Толмачил царский драгоман Симеон, с подобострастной угодливостью снимая слова прямо с губ митрополита. Паисий же говорил неспешно, будто бисер и жемчуга выстилал пред собою. Знать, дорого ценил себя.
– Царя сам Бог помазывает на власть. Тебе ли не знать. И всяк на земле, каким бы почетом ни был отмечен, он всегда лишь слуга государю и всеми благами земными ему одному обязан. И кто на владыку своего лишь посмотрит косо… Посмотрит лишь! – Паисий вздел палец, – того из сана извергнуть можно. Большой палец сразу рубить надо, без промедления. Чтобы не загнила вся рука. Чтобы иным неповадно. Ответь мне по-евангельски: проклинал ли ты царя? Да – да, нет – нет. И не уклоняйся, прошу, от чистоты признания.

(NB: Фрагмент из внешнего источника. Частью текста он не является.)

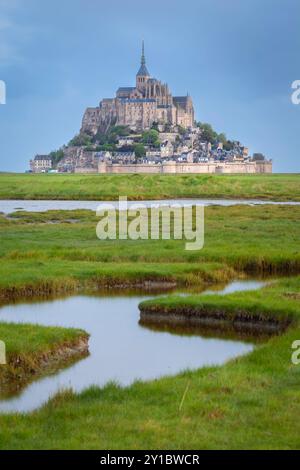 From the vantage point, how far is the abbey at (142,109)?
184250 mm

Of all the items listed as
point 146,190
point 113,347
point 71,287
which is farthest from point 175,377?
point 146,190

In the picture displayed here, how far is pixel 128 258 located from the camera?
24.7 meters

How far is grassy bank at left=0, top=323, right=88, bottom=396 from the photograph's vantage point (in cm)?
1223

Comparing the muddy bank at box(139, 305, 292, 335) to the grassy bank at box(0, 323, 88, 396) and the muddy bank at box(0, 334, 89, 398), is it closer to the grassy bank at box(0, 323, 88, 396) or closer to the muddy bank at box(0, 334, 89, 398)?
the grassy bank at box(0, 323, 88, 396)

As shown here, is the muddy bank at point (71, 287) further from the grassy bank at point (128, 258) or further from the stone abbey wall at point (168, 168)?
the stone abbey wall at point (168, 168)

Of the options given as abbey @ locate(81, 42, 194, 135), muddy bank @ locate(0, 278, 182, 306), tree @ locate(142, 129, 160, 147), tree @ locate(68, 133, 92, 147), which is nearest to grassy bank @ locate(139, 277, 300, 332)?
muddy bank @ locate(0, 278, 182, 306)

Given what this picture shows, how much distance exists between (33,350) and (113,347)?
212cm

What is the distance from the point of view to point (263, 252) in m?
24.8

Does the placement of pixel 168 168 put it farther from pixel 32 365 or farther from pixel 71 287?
pixel 32 365

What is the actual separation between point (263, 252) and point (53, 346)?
1244 cm

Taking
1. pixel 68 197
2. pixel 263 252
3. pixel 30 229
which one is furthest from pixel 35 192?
pixel 263 252

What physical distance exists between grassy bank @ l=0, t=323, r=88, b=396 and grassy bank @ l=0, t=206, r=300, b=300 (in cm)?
511

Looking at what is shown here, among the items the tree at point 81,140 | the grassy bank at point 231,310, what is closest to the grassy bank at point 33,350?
the grassy bank at point 231,310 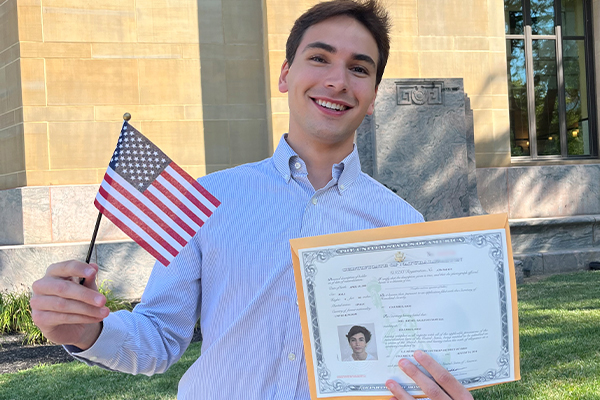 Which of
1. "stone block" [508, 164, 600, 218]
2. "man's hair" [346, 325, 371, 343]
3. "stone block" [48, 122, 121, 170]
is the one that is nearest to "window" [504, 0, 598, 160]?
"stone block" [508, 164, 600, 218]

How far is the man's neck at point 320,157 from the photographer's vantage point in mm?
2066

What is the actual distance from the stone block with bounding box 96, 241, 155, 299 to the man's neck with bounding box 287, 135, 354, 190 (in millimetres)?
6685

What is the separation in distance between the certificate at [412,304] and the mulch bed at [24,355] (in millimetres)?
4882

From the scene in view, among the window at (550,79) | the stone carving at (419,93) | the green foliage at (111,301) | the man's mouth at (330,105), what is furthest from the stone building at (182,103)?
the man's mouth at (330,105)

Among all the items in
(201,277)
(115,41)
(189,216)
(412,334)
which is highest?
(115,41)

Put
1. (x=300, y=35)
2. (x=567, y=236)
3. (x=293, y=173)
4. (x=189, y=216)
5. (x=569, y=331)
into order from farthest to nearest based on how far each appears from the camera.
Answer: (x=567, y=236) < (x=569, y=331) < (x=300, y=35) < (x=293, y=173) < (x=189, y=216)

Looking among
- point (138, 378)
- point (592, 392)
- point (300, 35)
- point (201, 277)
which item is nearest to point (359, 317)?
point (201, 277)

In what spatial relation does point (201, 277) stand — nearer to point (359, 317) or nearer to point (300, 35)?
point (359, 317)

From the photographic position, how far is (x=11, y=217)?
9031mm

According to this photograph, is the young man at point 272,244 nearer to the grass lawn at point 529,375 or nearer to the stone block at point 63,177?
A: the grass lawn at point 529,375

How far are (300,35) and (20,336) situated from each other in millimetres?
5981

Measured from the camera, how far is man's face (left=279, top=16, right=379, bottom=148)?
200 cm

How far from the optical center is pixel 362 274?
1552mm

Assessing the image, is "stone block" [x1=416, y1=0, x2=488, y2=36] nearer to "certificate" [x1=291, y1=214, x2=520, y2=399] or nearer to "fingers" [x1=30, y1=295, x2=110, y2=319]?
"certificate" [x1=291, y1=214, x2=520, y2=399] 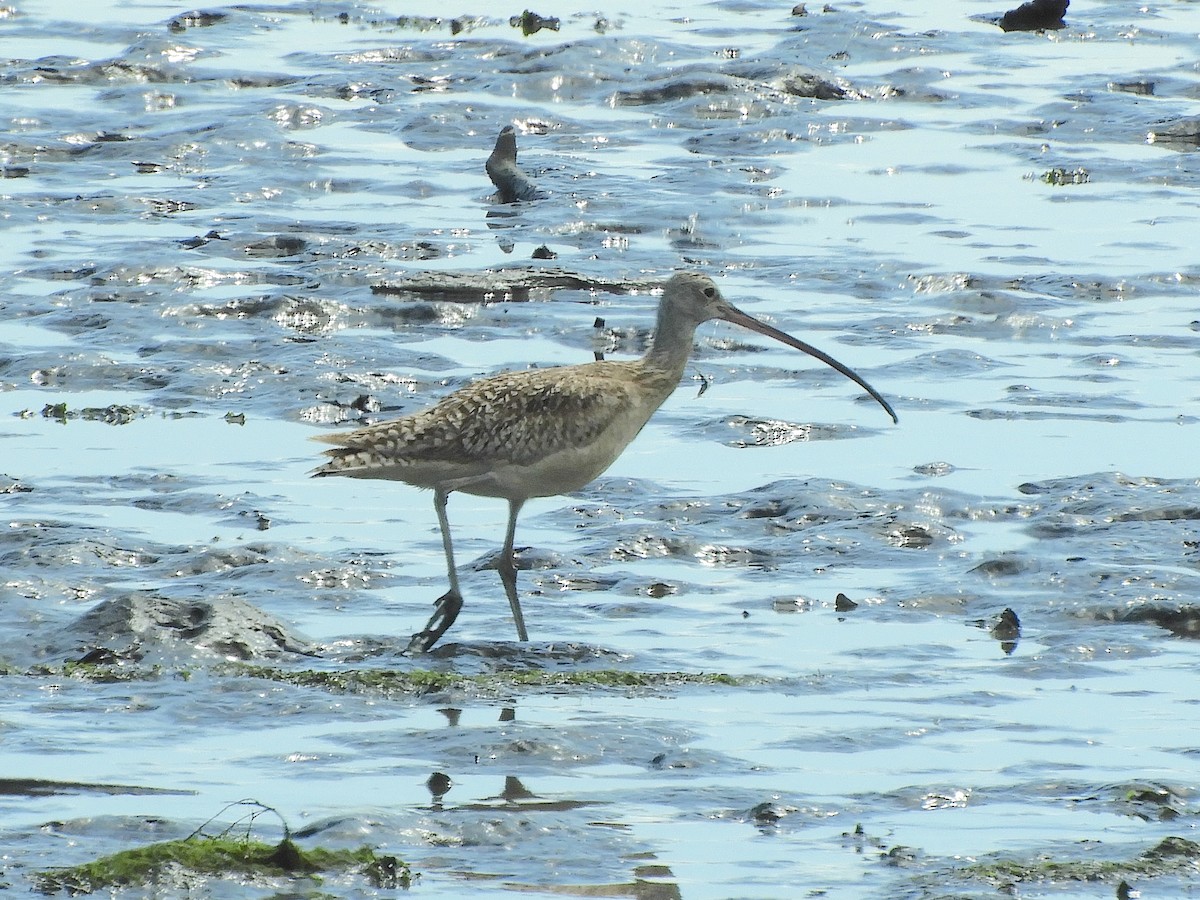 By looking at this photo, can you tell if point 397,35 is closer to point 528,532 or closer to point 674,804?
point 528,532

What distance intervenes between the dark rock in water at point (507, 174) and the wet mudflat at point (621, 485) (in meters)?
0.30

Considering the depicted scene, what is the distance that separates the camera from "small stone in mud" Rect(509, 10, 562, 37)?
23.6 metres

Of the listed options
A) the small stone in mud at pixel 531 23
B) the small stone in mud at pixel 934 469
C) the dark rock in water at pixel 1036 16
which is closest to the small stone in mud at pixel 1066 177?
the dark rock in water at pixel 1036 16

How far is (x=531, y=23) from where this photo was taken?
2367 cm

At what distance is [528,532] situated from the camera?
10.2 metres

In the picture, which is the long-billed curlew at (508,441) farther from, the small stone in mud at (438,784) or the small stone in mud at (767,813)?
the small stone in mud at (767,813)

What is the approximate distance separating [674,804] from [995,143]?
13.5 m

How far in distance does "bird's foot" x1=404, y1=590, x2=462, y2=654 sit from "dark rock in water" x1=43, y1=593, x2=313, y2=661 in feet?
1.33

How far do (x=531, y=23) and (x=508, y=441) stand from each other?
49.9 feet

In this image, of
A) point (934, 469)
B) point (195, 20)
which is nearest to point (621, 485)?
point (934, 469)

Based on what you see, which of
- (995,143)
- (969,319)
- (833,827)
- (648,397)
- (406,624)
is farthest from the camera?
(995,143)

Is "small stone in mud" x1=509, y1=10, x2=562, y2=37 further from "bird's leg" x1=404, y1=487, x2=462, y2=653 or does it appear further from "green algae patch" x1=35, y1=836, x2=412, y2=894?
"green algae patch" x1=35, y1=836, x2=412, y2=894

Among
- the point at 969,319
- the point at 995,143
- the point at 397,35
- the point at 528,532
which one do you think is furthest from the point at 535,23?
the point at 528,532

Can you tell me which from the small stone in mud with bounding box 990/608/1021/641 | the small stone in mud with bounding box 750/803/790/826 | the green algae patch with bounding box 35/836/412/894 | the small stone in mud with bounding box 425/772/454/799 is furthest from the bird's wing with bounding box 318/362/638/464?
the green algae patch with bounding box 35/836/412/894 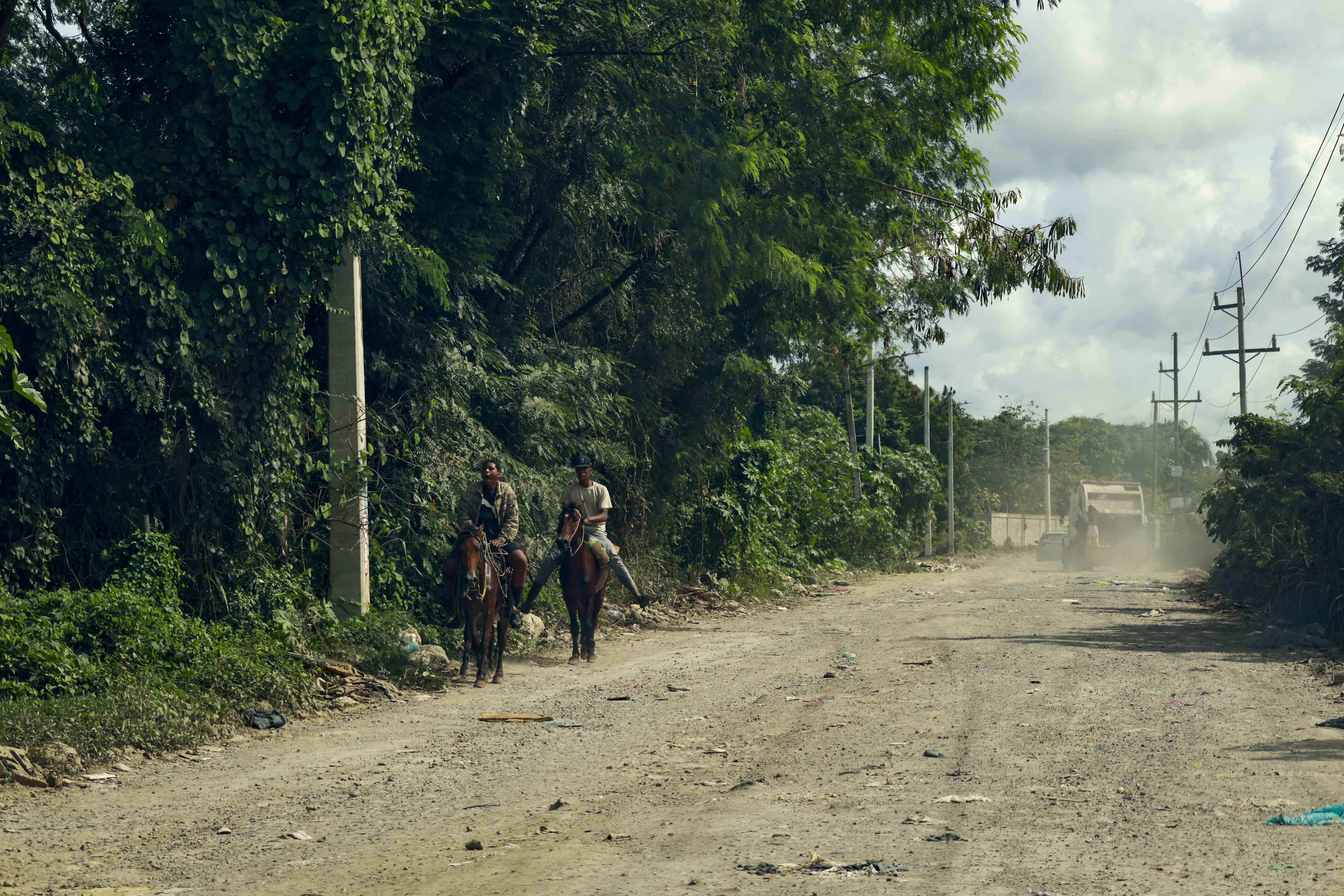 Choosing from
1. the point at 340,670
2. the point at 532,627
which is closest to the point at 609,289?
the point at 532,627

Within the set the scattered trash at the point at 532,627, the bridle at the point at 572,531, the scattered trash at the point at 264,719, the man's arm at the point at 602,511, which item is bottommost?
the scattered trash at the point at 264,719

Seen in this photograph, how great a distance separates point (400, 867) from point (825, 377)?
36.8 m

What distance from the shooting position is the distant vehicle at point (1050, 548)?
48.2 meters

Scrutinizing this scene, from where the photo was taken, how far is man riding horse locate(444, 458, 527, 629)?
11680mm

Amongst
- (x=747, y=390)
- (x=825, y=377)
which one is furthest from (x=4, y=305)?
(x=825, y=377)

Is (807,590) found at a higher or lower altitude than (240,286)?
lower

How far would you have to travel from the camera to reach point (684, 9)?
16188 mm

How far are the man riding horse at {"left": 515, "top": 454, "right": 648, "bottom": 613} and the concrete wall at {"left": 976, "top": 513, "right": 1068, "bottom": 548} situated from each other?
49.5 meters

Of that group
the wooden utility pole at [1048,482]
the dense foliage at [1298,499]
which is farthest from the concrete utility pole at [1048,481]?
the dense foliage at [1298,499]

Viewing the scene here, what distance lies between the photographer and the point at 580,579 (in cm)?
1274

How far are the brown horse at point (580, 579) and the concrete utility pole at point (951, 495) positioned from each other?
36355 mm

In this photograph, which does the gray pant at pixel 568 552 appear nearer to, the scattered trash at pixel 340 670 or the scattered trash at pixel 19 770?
the scattered trash at pixel 340 670

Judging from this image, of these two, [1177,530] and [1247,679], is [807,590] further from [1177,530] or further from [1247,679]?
[1177,530]

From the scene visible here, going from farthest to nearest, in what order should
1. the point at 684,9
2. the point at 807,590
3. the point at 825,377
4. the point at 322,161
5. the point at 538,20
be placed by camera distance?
the point at 825,377 < the point at 807,590 < the point at 684,9 < the point at 538,20 < the point at 322,161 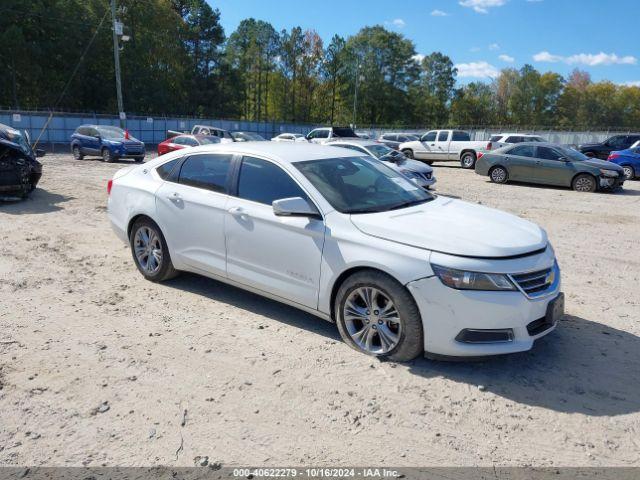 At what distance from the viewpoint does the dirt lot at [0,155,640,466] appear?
299 centimetres

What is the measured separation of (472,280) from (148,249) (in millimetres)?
3709

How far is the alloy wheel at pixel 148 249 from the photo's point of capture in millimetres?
5602

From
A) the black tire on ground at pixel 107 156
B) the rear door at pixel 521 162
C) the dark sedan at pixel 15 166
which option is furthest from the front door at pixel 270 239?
the black tire on ground at pixel 107 156

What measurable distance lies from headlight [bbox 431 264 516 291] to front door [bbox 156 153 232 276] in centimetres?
221

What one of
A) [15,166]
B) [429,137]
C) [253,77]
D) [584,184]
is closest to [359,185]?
[15,166]

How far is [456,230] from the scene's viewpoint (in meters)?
3.92

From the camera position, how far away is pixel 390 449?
300 centimetres

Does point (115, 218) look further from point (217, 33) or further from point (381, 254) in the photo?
point (217, 33)

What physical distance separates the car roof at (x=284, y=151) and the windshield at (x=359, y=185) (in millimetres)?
105

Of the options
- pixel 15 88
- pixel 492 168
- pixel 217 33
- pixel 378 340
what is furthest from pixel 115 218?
pixel 217 33

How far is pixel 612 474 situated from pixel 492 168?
16259 millimetres

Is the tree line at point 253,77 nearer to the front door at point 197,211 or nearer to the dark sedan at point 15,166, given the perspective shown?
the dark sedan at point 15,166

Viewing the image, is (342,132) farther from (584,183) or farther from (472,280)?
(472,280)

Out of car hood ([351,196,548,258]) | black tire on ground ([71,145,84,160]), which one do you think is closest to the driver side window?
black tire on ground ([71,145,84,160]) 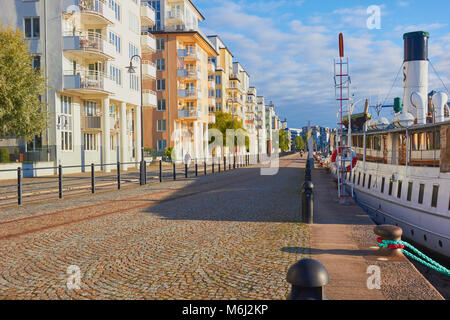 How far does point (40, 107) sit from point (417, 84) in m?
24.3

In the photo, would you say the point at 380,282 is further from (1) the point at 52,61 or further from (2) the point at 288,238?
(1) the point at 52,61

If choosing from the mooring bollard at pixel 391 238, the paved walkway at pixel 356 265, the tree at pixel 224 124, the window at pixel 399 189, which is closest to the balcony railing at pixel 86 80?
the window at pixel 399 189

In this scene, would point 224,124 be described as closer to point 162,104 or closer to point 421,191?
point 162,104

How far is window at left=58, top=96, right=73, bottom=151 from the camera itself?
30.8m

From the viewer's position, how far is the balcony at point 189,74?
54438mm

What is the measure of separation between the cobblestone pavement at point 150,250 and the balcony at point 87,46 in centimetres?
2051

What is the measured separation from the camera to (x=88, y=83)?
3136cm

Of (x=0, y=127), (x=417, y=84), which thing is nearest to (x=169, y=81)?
(x=0, y=127)

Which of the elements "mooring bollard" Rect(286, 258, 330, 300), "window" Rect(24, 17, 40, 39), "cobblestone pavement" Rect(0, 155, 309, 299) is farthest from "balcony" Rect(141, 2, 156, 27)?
"mooring bollard" Rect(286, 258, 330, 300)

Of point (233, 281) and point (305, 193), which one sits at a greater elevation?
point (305, 193)

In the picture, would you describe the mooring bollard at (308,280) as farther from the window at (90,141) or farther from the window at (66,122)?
the window at (90,141)

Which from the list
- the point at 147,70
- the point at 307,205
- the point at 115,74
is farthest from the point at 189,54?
the point at 307,205

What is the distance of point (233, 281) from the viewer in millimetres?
5250

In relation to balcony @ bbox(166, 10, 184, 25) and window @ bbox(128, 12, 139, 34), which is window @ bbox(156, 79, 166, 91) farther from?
window @ bbox(128, 12, 139, 34) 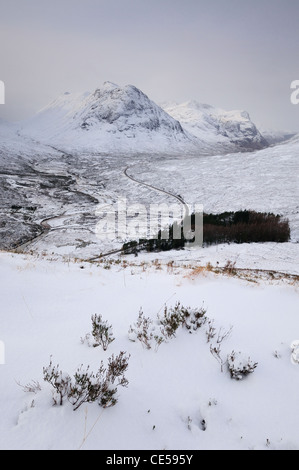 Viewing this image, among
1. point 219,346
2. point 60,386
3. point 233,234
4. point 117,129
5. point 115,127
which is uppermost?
point 115,127

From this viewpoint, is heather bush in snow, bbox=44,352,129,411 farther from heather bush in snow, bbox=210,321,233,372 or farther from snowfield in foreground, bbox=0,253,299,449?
heather bush in snow, bbox=210,321,233,372

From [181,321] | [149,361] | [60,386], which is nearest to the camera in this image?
[60,386]

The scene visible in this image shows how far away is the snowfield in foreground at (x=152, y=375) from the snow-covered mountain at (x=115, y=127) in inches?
5024

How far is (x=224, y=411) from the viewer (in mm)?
2459

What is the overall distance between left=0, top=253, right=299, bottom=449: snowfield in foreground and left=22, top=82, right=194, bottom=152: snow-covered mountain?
419 feet

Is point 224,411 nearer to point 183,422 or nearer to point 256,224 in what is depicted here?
point 183,422

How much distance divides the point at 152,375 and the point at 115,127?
588 feet

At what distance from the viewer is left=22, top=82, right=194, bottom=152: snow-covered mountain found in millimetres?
140250

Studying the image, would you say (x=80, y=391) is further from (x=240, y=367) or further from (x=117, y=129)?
(x=117, y=129)

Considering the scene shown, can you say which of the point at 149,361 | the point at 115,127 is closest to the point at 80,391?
the point at 149,361

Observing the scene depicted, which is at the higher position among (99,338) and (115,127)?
(115,127)

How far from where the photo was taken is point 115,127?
163m

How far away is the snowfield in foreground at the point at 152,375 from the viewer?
2.15 metres

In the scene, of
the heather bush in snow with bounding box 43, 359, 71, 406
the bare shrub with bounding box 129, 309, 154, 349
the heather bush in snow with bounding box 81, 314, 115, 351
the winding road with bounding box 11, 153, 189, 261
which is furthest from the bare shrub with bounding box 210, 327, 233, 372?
A: the winding road with bounding box 11, 153, 189, 261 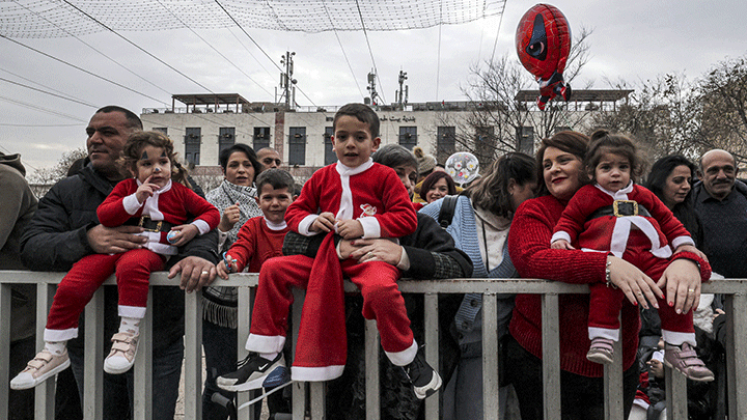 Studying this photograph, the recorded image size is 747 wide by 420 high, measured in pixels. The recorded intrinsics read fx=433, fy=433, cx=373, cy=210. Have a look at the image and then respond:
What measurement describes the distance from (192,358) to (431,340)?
1.13 meters

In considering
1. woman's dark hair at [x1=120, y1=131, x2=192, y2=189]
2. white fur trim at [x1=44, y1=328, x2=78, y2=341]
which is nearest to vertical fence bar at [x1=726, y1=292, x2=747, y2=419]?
woman's dark hair at [x1=120, y1=131, x2=192, y2=189]

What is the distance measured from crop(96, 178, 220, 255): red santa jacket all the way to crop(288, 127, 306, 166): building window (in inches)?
1897

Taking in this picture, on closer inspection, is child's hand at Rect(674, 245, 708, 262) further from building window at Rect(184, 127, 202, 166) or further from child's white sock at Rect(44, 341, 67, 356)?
building window at Rect(184, 127, 202, 166)

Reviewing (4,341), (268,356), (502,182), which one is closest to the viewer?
(268,356)

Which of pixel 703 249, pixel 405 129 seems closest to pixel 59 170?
pixel 405 129

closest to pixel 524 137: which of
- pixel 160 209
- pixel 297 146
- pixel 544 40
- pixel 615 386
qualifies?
pixel 544 40

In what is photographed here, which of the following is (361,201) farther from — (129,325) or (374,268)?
(129,325)

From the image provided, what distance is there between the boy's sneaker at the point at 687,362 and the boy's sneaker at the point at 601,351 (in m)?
0.29

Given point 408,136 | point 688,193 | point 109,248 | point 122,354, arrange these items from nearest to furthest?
1. point 122,354
2. point 109,248
3. point 688,193
4. point 408,136

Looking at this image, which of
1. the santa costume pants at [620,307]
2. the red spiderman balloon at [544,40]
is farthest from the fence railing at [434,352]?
the red spiderman balloon at [544,40]

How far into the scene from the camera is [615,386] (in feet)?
6.13

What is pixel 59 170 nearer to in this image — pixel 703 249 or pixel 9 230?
pixel 9 230

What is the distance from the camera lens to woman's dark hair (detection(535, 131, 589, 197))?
2.20 metres

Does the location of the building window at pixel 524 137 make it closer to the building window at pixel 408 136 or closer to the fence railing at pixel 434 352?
the fence railing at pixel 434 352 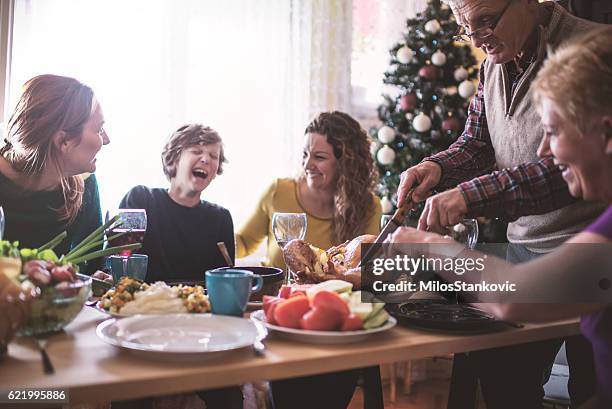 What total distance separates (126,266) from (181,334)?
464mm

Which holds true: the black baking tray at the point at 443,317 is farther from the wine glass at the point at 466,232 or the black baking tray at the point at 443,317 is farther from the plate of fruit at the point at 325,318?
the wine glass at the point at 466,232

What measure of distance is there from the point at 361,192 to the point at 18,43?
76.5 inches

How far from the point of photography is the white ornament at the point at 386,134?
12.7ft

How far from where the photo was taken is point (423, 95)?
393cm

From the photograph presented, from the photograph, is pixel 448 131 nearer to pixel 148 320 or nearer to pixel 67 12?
pixel 67 12

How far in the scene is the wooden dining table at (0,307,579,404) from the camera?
786mm

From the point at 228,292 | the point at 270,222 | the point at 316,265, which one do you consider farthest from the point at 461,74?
the point at 228,292

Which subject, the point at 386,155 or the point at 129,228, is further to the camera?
the point at 386,155

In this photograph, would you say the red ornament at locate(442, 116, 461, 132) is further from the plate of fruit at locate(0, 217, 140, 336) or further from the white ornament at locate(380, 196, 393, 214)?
the plate of fruit at locate(0, 217, 140, 336)

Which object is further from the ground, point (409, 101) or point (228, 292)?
point (409, 101)

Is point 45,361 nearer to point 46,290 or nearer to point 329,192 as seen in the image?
point 46,290

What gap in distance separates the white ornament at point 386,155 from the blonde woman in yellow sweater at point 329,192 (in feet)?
3.38

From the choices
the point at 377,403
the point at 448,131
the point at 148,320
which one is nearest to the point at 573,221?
the point at 377,403

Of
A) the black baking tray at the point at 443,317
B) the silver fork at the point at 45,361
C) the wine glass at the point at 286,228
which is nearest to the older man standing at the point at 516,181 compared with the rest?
the black baking tray at the point at 443,317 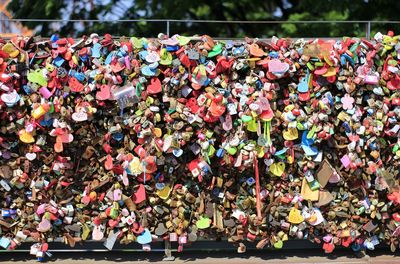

– Я служу за царя молебен, я здоровья и долгих лет ему прошу, а не проклинаю на погибель, – сдерживаясь, ответил Никон и с какой-то мольбою во взоре, не от растерянности даже иль негодования, с тоскою и вопрошением перевел взгляд на спутников, ожидая хоть от духовных какой-то поддержки и объяснения, чтобы разрешить недоумение: де, с каких земель, каким ветром принесло на Русь этого предтечу, сатанинского шиша, что взялся судить отца отцев. Афанасий, архиепископ астраханский, встретил взгляд Никона строго и торжествующе, на впалых, изможденных щеках его проступили клюквенные пятна.